The input |
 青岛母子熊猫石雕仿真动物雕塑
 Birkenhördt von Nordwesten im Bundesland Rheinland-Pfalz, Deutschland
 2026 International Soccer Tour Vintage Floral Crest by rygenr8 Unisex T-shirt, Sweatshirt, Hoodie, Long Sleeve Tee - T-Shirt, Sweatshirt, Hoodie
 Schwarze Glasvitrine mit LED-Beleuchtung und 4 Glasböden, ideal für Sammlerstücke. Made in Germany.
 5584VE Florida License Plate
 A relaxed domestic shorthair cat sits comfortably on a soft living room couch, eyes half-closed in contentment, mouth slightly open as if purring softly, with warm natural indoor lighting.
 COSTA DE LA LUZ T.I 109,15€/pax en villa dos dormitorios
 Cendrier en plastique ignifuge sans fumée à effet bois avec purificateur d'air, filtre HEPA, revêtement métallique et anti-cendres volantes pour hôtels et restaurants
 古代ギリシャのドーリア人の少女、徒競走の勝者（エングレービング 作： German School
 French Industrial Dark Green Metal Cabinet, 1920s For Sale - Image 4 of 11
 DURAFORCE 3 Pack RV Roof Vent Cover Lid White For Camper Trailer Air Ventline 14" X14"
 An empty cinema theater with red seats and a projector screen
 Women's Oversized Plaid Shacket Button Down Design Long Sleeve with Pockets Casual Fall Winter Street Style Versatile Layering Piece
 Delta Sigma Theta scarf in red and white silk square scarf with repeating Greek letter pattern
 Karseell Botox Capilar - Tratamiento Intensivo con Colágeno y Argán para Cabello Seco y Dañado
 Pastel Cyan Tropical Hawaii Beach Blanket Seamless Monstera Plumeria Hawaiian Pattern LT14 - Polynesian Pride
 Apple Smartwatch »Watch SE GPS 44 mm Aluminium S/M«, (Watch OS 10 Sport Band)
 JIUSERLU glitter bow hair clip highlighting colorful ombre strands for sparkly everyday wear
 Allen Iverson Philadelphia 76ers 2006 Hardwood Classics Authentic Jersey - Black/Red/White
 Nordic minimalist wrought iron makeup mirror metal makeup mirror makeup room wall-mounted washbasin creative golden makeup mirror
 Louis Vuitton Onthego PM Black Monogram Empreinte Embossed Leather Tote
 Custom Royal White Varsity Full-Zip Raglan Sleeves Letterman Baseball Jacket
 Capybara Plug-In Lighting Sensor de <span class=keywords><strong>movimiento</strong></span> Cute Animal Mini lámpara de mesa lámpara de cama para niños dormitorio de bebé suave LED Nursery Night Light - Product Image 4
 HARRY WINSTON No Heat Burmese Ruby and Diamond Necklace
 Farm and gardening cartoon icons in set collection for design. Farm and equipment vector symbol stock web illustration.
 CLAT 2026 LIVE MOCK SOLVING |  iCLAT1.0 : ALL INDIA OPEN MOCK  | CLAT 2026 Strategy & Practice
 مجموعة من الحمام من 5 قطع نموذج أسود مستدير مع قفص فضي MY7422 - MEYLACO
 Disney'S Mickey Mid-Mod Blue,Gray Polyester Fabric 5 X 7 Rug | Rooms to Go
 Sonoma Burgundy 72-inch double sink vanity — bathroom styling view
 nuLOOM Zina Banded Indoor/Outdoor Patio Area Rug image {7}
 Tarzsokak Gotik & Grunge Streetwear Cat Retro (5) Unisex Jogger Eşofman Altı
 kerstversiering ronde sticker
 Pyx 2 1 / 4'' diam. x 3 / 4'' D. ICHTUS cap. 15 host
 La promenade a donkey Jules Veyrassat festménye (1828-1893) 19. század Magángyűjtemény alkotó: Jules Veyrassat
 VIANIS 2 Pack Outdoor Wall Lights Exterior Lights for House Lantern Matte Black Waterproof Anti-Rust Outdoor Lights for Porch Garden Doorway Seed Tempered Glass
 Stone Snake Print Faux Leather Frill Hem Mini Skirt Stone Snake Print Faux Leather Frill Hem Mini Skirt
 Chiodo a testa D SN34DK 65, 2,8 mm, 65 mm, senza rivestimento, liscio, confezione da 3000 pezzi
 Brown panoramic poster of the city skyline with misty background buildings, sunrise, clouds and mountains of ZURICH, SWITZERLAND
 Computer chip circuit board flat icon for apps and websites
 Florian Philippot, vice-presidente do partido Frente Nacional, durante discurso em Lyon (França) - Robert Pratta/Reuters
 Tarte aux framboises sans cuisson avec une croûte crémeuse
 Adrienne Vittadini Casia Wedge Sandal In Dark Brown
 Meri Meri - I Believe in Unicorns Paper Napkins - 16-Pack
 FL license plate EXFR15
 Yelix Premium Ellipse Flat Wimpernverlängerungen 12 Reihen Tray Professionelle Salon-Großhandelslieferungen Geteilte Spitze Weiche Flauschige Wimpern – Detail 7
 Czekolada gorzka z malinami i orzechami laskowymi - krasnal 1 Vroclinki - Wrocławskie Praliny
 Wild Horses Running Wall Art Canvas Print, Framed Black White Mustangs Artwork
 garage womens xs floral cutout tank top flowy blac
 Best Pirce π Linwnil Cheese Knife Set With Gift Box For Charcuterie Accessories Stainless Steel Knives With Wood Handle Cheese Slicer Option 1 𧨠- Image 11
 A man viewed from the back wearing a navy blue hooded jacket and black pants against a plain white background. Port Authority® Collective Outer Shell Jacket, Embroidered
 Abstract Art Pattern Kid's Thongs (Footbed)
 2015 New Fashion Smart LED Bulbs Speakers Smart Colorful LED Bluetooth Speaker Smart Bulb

Activity | Give an exact copy of the lines above, from the top of the records to the line that contains "Women's Oversized Plaid", taking in both ends.

Answer for this exercise |
 青岛母子熊猫石雕仿真动物雕塑
 Birkenhördt von Nordwesten im Bundesland Rheinland-Pfalz, Deutschland
 2026 International Soccer Tour Vintage Floral Crest by rygenr8 Unisex T-shirt, Sweatshirt, Hoodie, Long Sleeve Tee - T-Shirt, Sweatshirt, Hoodie
 Schwarze Glasvitrine mit LED-Beleuchtung und 4 Glasböden, ideal für Sammlerstücke. Made in Germany.
 5584VE Florida License Plate
 A relaxed domestic shorthair cat sits comfortably on a soft living room couch, eyes half-closed in contentment, mouth slightly open as if purring softly, with warm natural indoor lighting.
 COSTA DE LA LUZ T.I 109,15€/pax en villa dos dormitorios
 Cendrier en plastique ignifuge sans fumée à effet bois avec purificateur d'air, filtre HEPA, revêtement métallique et anti-cendres volantes pour hôtels et restaurants
 古代ギリシャのドーリア人の少女、徒競走の勝者（エングレービング 作： German School
 French Industrial Dark Green Metal Cabinet, 1920s For Sale - Image 4 of 11
 DURAFORCE 3 Pack RV Roof Vent Cover Lid White For Camper Trailer Air Ventline 14" X14"
 An empty cinema theater with red seats and a projector screen
 Women's Oversized Plaid Shacket Button Down Design Long Sleeve with Pockets Casual Fall Winter Street Style Versatile Layering Piece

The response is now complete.